There is no other honest way to assess the newly anointed Boston brass’ relative inaction in the hot stove league. Clearly, general manager Theo Epstein and field boss Grady Little felt that last year’s minor deficiencies could be rectified with the help of the “other” Giambi and the surgically repaired arms of Robert Person and Chad Fox, the latter anchoring the dreaded bullpen by committee.

At best, last season’s chronic overachievers have given management and loyalists delusions of grandeur. Their ill-conceived convictions will draw more momentum from a back-loaded schedule that will give the Sox ample opportunity to beat up on the Tampa Bay Devil Rays and Baltimore Orioles before the last inch of snow disappears in the northern extremes of New England.

Boston might once again wield the best record in the majors on May 15. But where will they reside in the standings on Sept. 15?

No better than second, I can assure you.

• Obviously, I’d have to be a fool or a chronic homer to anoint anyone but the Yankees as the favorite in the American League East.

Elsewhere, look for the dynamic Minnesota Twins to continue their unlikeliest of meteoric rises from baseball purgatory and walk away with the AL Central. In the West, the Rally Monkey will run out of miracles as the Oakland Athletics outshine the world champion Anaheim Angels, who will settle for the Wild Card.

In the National League, despite Philadelphia’s earnest effort to purchase a pennant, the Atlanta Braves remain the Beast of the East until somebody proves they aren’t. Houston and Arizona also will win their respective divisions, with the Phillies snagging the fourth and final playoff berth.

Youth and skill should overcome strong arms, advancing age and treachery in the World Series, with the Twins taking their first title in a dozen years at the expense of Randy Johnson, Curt Schilling and the Diamondbacks.

• When the University of Maine hockey team falls short of the national championship game this season, you can bet that somebody, somewhere will point the finger of blame at coach Tim Whitehead.

Hold on just a second.

Last time I checked, the late Shawn Walsh, although one of the greatest ever to roam an NCAA bench, only won two titles in his historic tenure. Whitehead not only guided the Black Bears successfully through the trying times that followed Walsh’s death from kidney cancer last season, he was also rebuilding the program this winter in a number of critical areas, most notably goaltending and scoring punch.

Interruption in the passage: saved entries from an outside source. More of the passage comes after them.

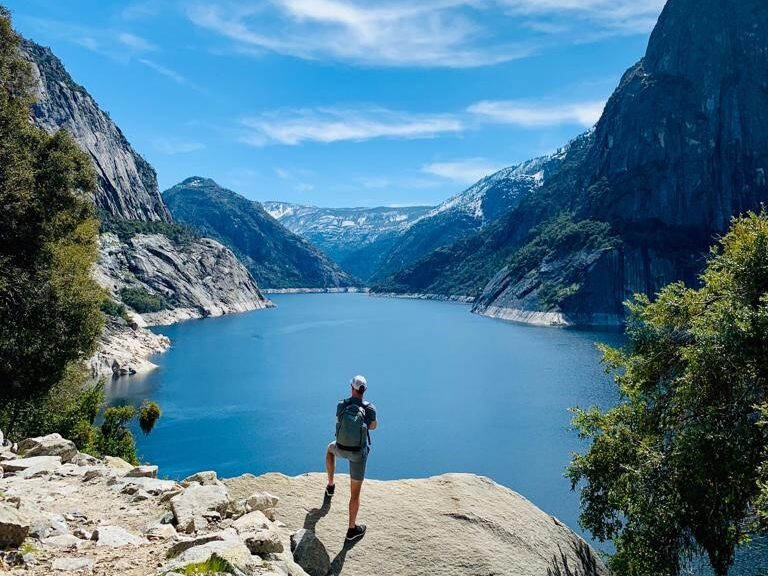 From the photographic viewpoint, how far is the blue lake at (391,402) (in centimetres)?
6288

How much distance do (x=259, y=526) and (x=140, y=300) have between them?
19213cm

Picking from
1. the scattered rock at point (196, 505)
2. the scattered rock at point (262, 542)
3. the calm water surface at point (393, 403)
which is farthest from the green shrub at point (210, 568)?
the calm water surface at point (393, 403)

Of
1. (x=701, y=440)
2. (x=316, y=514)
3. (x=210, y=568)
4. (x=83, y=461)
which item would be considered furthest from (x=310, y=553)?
(x=701, y=440)

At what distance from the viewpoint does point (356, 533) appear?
1348 cm

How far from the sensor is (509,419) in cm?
8175

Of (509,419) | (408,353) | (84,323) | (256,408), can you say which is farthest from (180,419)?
(408,353)

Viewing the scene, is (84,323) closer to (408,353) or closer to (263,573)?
(263,573)

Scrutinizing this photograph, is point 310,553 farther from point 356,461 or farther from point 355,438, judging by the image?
point 355,438

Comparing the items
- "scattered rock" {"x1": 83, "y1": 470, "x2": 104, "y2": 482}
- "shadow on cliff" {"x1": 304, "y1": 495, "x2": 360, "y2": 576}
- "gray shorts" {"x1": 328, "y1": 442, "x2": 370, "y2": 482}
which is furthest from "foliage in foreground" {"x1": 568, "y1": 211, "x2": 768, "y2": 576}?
"scattered rock" {"x1": 83, "y1": 470, "x2": 104, "y2": 482}

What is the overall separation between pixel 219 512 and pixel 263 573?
325 centimetres

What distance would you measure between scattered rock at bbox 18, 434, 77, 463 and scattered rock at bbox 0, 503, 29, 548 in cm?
939

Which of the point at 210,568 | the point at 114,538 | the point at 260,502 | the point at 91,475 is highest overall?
the point at 210,568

Take this to the bank: Before local standouts Greg Moore and Derek Damon graduate, Maine will hoist another banner at Alfond Arena.

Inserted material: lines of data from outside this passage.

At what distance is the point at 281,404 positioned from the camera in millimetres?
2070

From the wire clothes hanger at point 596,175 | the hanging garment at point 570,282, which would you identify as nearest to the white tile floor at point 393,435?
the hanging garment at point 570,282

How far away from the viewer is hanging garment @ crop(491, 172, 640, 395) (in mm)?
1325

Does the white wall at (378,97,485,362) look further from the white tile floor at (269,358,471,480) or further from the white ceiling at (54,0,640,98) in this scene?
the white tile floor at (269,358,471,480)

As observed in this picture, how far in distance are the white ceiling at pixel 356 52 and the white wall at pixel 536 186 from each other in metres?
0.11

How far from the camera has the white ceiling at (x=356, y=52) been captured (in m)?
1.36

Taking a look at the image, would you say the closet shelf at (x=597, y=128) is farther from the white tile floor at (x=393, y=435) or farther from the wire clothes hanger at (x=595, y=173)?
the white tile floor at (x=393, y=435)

• Figured out the NCAA men’s basketball tournament yet?

Good. I didn’t think so.

My original bracket, dated March 19, has Kentucky knocking off SEC rival Florida in the final. That was stupid on at least one count.

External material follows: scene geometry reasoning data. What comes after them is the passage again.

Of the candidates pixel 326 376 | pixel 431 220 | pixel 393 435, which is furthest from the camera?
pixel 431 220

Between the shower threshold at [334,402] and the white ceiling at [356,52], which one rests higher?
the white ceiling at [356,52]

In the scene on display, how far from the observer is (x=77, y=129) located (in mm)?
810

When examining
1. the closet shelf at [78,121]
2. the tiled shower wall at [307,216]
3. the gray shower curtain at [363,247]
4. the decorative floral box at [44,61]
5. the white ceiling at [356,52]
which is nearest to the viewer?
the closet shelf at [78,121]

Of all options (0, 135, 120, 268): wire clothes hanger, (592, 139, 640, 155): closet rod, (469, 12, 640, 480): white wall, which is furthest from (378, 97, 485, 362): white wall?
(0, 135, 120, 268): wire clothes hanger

Within minutes of freezing that fearless forecast, long before the Gators became bait, I wished I’d gone with a different set of Wildcats, namely Arizona. And after watching T.J. Ford prove he’s the best player in the nation Friday night, I’d love to hitch my wagon to the Texas Longhorns.

That speaks to the overall balance of Division I basketball at the moment. With most of the traditional powers serving as a one or two-year minor league program for the NBA, many observers believe that opens the door for supposed “mid-majors” such as Gonzaga, Kent State and Butler to compete with the perennial No. 1 and No. 2 seeds.

True, to an extent. What the revolving door has really created, however, is parity among those perennials. It’s no longer a foregone conclusion that Duke, Kentucky, Arizona or Kansas will walk into the Big Dance as a prohibitive favorite and waltz off with the title. Now those schools have to survive epic battles in the Elite Eight and Final Four heck, sometimes as early as the second round, as Arizona can attest merely to get to the final.

Two things are certain. One week from tomorrow, we’ll have a deserving national champion and most of us will be out five bucks.

Kalle Oakes is sports editor. He can be reached by e-mail at [email protected]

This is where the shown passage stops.